Most biochemists and biophysicists would agree that ionic interactions are extremely important for molecular association of protein and nucleic acids. But it is not well known that the ionic interactions are highly dynamic. Through entropic contribution to the binding free energy, the dynamics of the ionic interactions play an important role in DNA recognition by proteins. Funded by the National Science Foundation (NSF) and the National Institutes of Health (NIH), our group has spent a decade to study how ions and ionic moieties behave at an atomic level in protein-DNA association processes.
Using nuclear magnetic resonance (NMR) spectroscopy as our primary tool for research, we study how counterions behave in the protein-DNA association. The large net charge on the surface of nucleic acids electrostatically attract and condense cations, creating a zone called the ion atmosphere. Experimental approaches for quantitative investigations of cations in the ion atmosphere have been developed. The counterions were found to rapidly diffuse within the ion atmosphere. Some of the counterions are released from the ion atmosphere when nucleic acids bind to proteins, neutralizing the charge via intermolecular ion pairs of positively charged side chains and negatively charged backbone phosphates. Previously, the release of counterions had only indirectly been implicated by salt-concentration dependence of the equilibrium constants for molecular association. Recently, the direct detection of the release of counterions has become possible through spectroscopic observation of ions. This allows more accurate and quantitative analysis of the counterion release and its entropic impact on the thermodynamics of protein-nucleic acid association.

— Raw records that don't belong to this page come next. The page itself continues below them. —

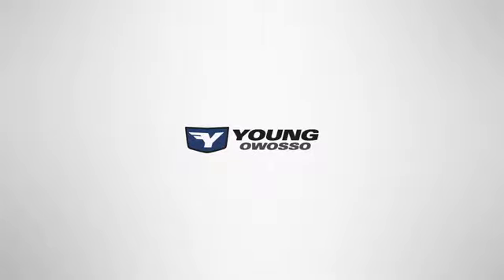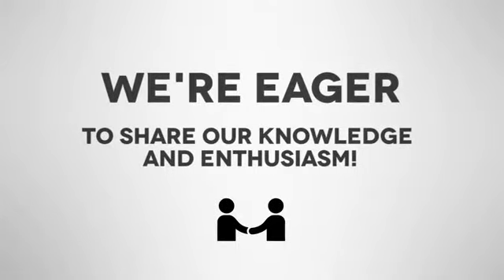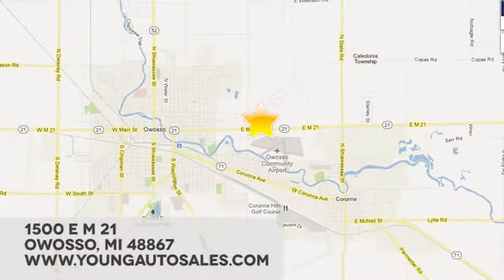At Young Chevrolet Cadillac Buick GMC, we're eager to share our knowledge and enthusiasm. We're conveniently located at 1500 East M21 in Owosso, Michigan.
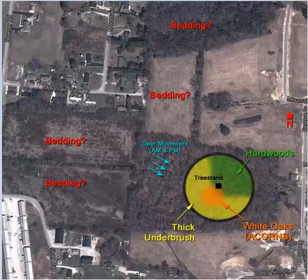This is Jacob Schmidt with DeerowningSchool.com. I'm just gonna be looking over a property that a commenter had sent me a picture of and asked me about. It looks like here in the yellow there's some thick brush with some white oak acorns and some hardwoods here.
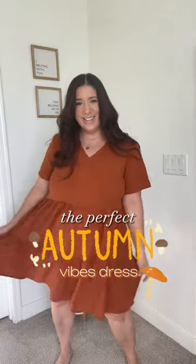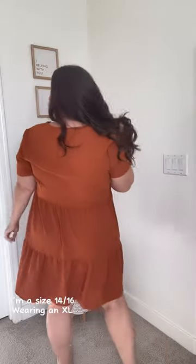I found the cutest, comfiest everyday dress to add to your fall wardrobe. The back is closed off so you can wear a regular bra with it, and it comes in long sleeves too, which is awesome.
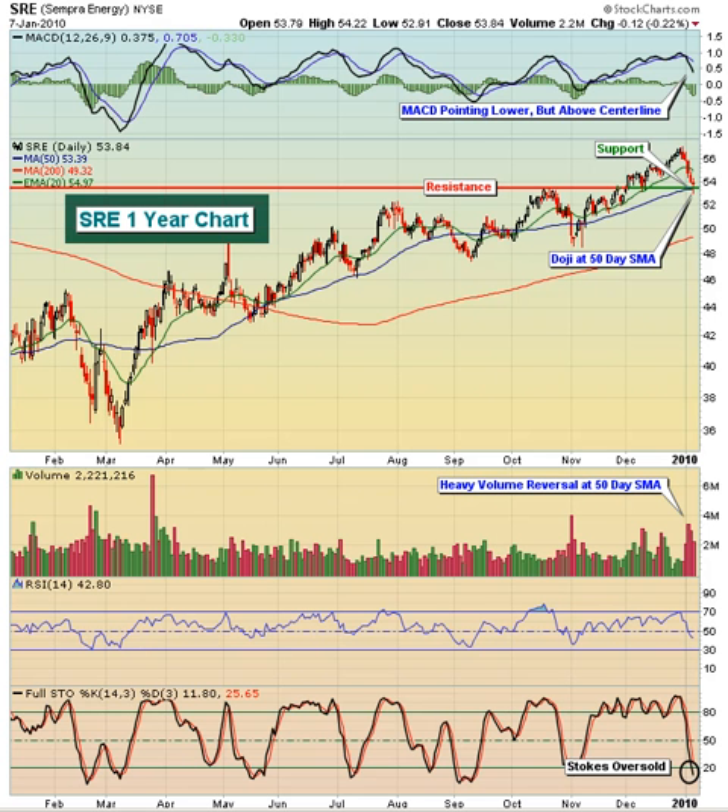Hello, and welcome to the January 8, 2010 video version of Invested Central's Chart of the Day. I'm Tom Boley, Invested Central's Chief Market Strategist, and it's my pleasure to provide you with today's Chart of the Day. This Chart of the Day is brought to you by StockCharts.com, simply the web's best financial charts.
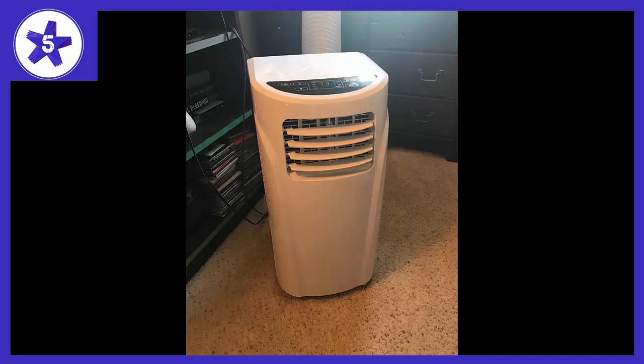Overall, I am happy with it so far. I would recommend it to a friend or buy it again without worry. If, once warmer weather returns, I change my mind, I will update this review.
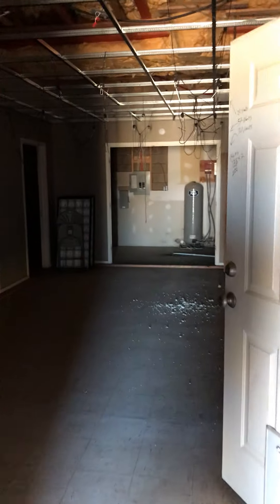Front door. Kind of an enclosed-in section. Drywall's coming down. Not sure if there's windows behind those walls.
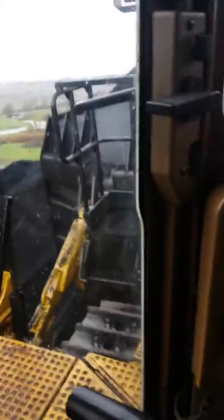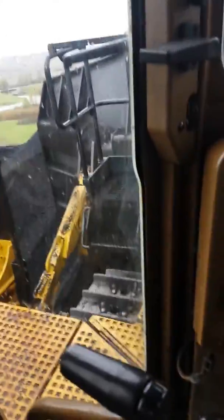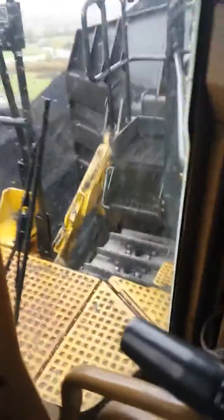You know, some people may not even know what a dozer is — it's this thing right here.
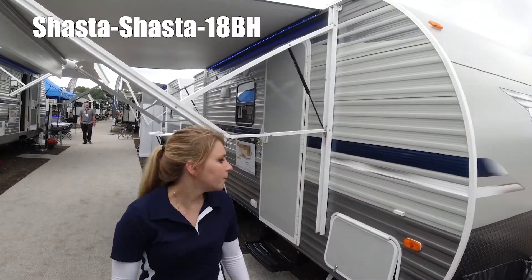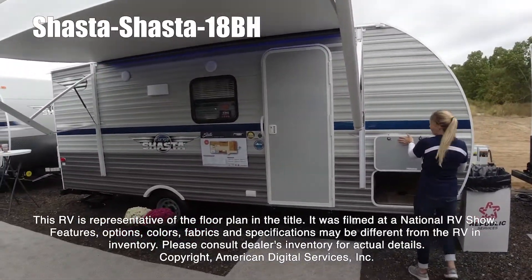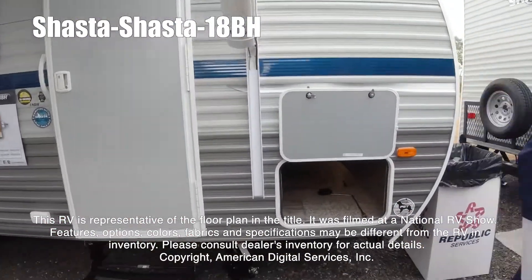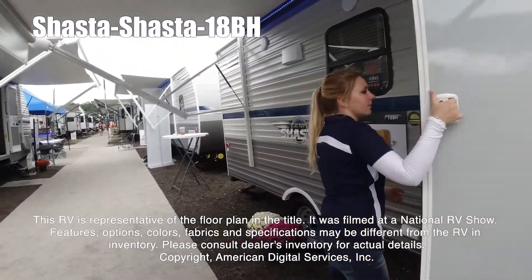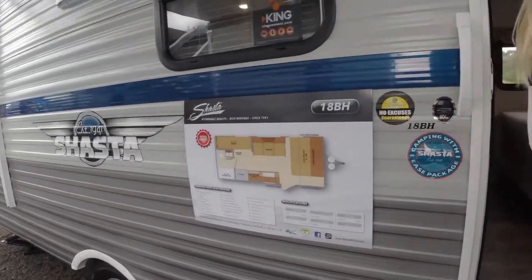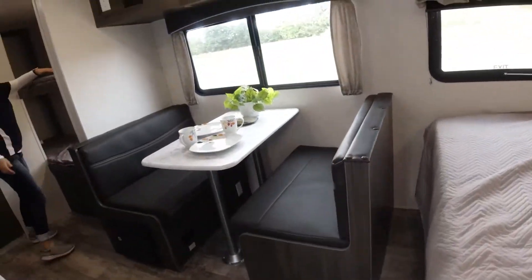Hi guys, my name is Desiree, and this is the Shasta 18BH. This RV is representative of the floor plan made by this manufacturer. It was shot at a national RV show. The features, options, colors, fabrics, and specifications may be different from the RV in the dealer's inventory. Please consult the dealer's inventory for actual details on this RV.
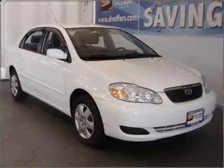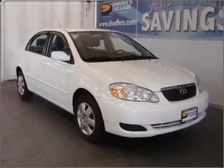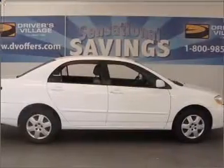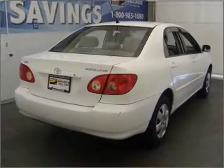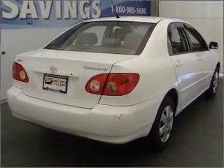Take a look at this 2006 Toyota Corolla CE that just came into Drivers Village. This four-door sedan comes equipped with the following electronic features: AM FM Stereo, CD Player.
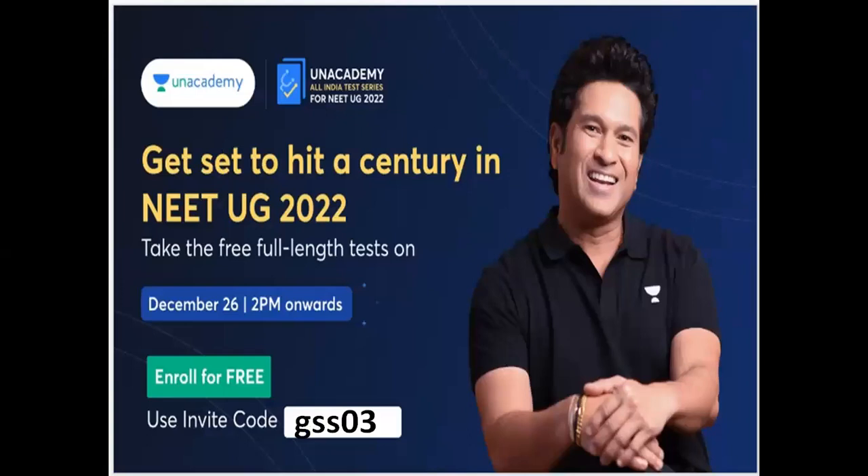Get set for Century NEET UG 2022. There is a free full-length test on 26 December, 2 pm onwards. You have to enroll free using my invitation code GSS03.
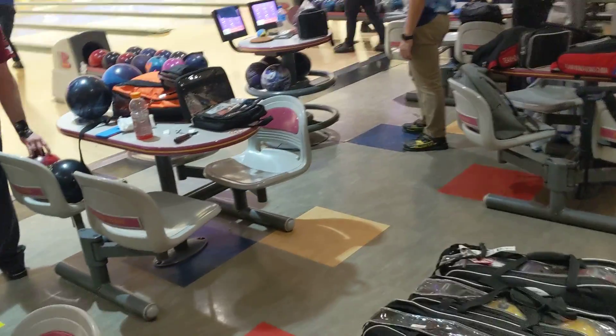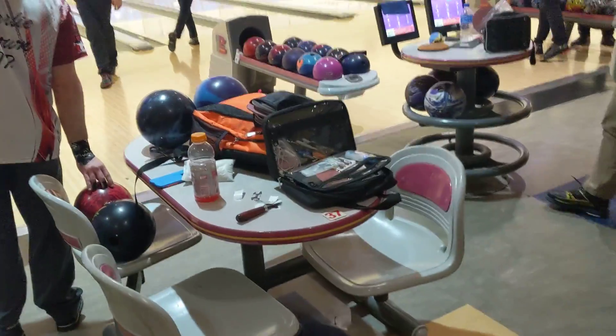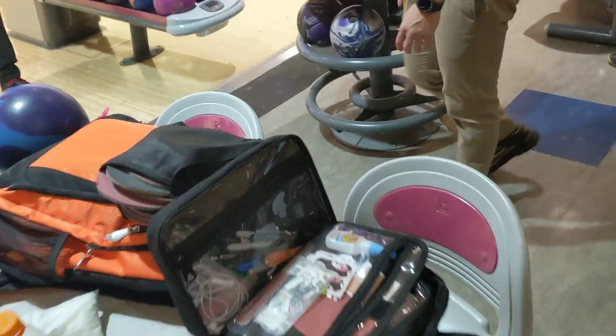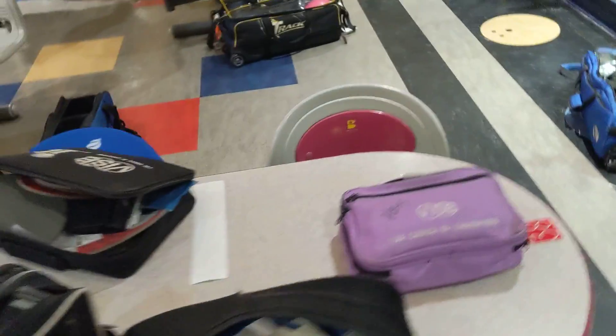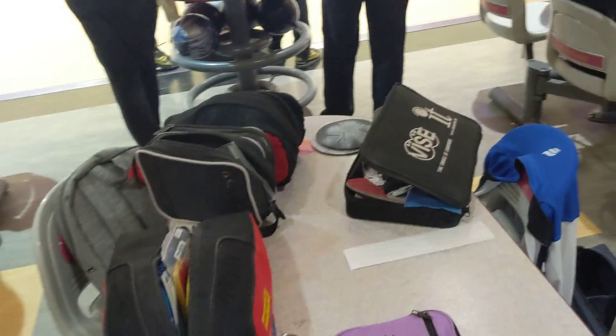I'm the CEO Ron from Create a Difference. One of the things that people don't think about is accessory bags. You've seen a lot of these players here at the Masters having accessory bags, and you should have an accessory bag too.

Using NMR and other biophysical methods, we also study the dynamic properties of ion pairs of protein side chains and DNA phosphates. The ion pairs undergo transitions between two major states. In one of the major states, the cation and the anion are in direct contact. This state is called a contact ion pair (CIP). In the other major state, the cation and the anion are intervened by water. This state is called a solvent-separated ion pair (SIP). Transitions between CIP and SIP states rapidly occur at the molecular interfaces. When proteins interact with nucleic acids, interfacial arginine (Arg) and lysine (Lys) side chains exhibit considerably different behaviors. Compared to Lys side chains, Arg side chains exhibit a higher propensity to directly interact with nucleotide bases, partly due to stronger cation-p interactions and a smaller desolvation energy. Lys side chains tend to be more mobile at the molecular interfaces. The dynamic ionic interactions may facilitate adaptive molecular recognition and play thermodynamic and kinetic roles in protein-nucleic acid interactions.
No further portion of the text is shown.